Buku berjudul : Api Islam – Jalan Hidup Seorang Visioner yang ditulis oleh Ahmad Gaus AF menyimpan banyak kisah yang mengajak kita berfikir dan mendorong untuk terus belajar dan menambah wawasan sebagai seorang muslim yang hidup di era modern seperti sekarang ini.
Tulisan ini tentu tidak layak disebut sebagai ekstrak dari buku setebal 366 halaman itu. Di sini saya hanya sedikit menceritakan kembali sebagian kecil dari sekian banyaknya cerita mengesankan dan memberikan wawasan baru akan sebuah arti hidup. Perjalanan seorang anak manusia dalam mengisi hidupnya dengan ibadah dan amalan-amalan terbaik, terlepas dari segala hal yang menjadi kontroversi atas pikiran-pikiran pembaharuannya.
Nurcholis Madjid, lahir di kota Santri Jombang, 17 Maret 1939 dari pasangan H. Abdul Madjid dan Hj. Fathonah, yang berasal dari keluarga dengan tradisi pesantren yang kental.

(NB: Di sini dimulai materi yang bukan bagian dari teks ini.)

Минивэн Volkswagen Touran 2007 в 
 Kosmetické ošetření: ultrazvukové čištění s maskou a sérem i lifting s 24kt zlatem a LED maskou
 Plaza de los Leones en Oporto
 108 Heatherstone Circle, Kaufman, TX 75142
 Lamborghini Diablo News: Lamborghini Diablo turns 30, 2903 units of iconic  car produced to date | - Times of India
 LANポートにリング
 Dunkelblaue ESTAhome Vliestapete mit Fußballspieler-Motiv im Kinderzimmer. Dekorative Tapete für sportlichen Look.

Orang tuanya memberi nama anak pertama mereka dengan nama Abdul Malik. Namun karena saat kecil sering sakit-sakitan, maka orang tua menyimpulkan bahwa Malik yang berarti “hamba Allah” dimana diambil dari Asmaul Husna yang ketiga) terlalu berat untuk disandang oleh putranya, atau akrab diistilahkan “kabotan jeneng ( keberatan nama). Sehingga, di usia ke 6, mereka mengganti nama Abdul Malik menjadi Nurcholish Madjid.